Don't include any picture when you restate the data word for word.

### RECORDED DATA
________________

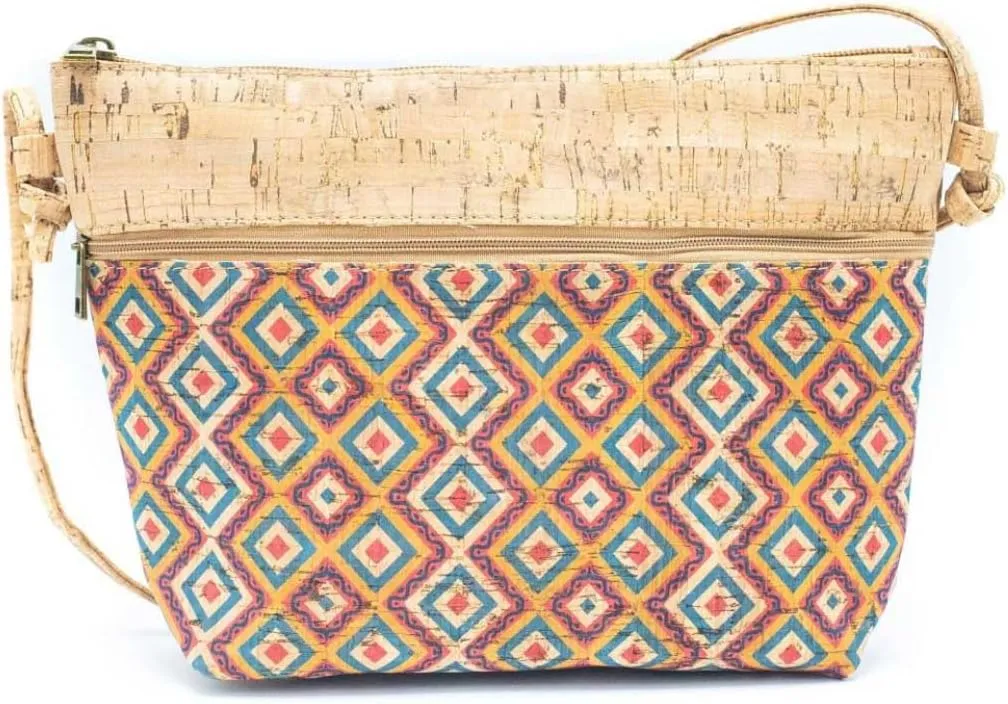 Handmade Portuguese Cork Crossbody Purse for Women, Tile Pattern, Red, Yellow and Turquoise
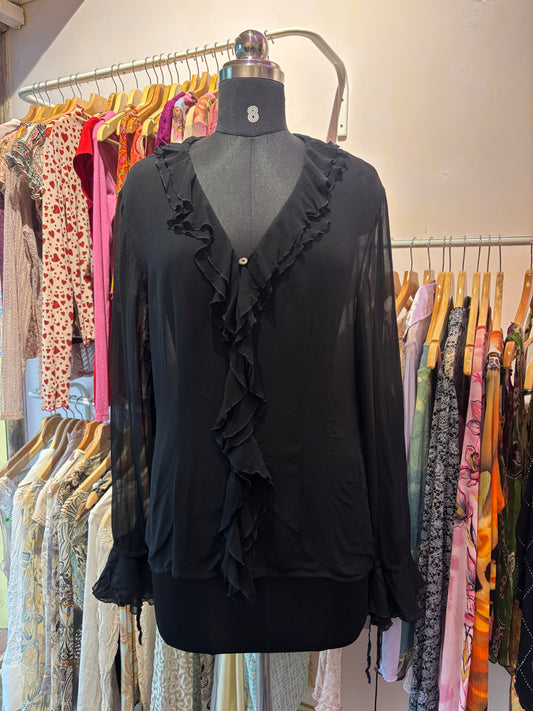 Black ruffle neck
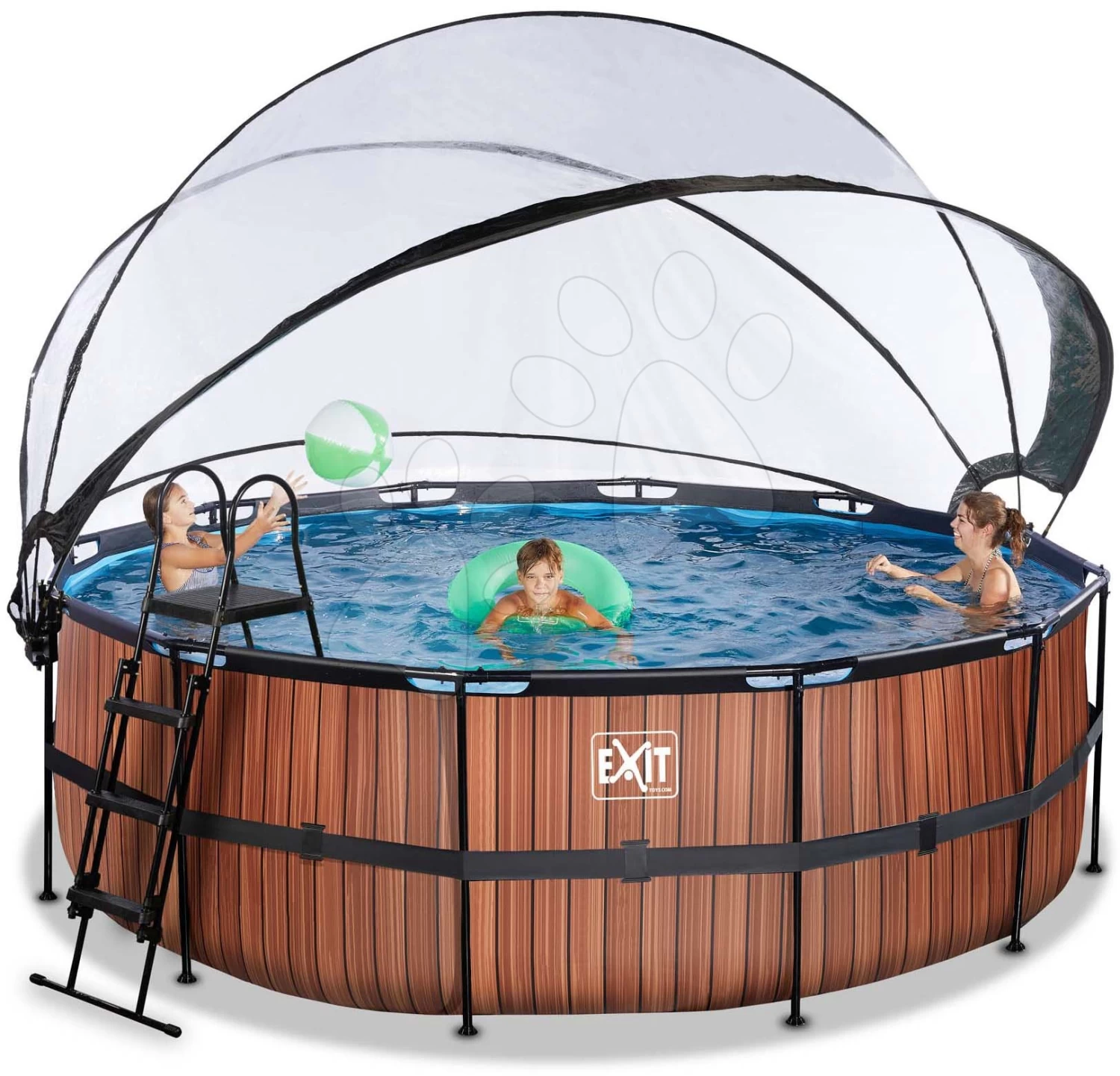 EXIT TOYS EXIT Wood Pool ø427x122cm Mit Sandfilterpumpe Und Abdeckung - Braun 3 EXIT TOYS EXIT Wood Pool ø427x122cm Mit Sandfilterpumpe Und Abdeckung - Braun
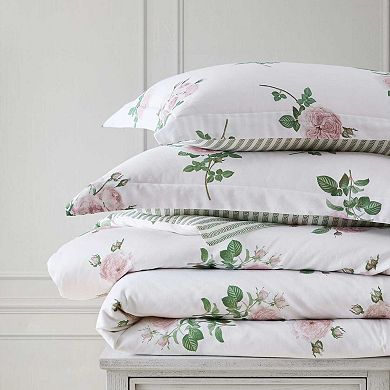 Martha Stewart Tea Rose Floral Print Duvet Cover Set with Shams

________________

### SOLUTION TO THIS PROBLEM
 Handmade Portuguese Cork Crossbody Purse for Women, Tile Pattern, Red, Yellow and Turquoise
 Black ruffle neck
 EXIT TOYS EXIT Wood Pool ø427x122cm Mit Sandfilterpumpe Und Abdeckung - Braun 3 EXIT TOYS EXIT Wood Pool ø427x122cm Mit Sandfilterpumpe Und Abdeckung - Braun
 Martha Stewart Tea Rose Floral Print Duvet Cover Set with Shams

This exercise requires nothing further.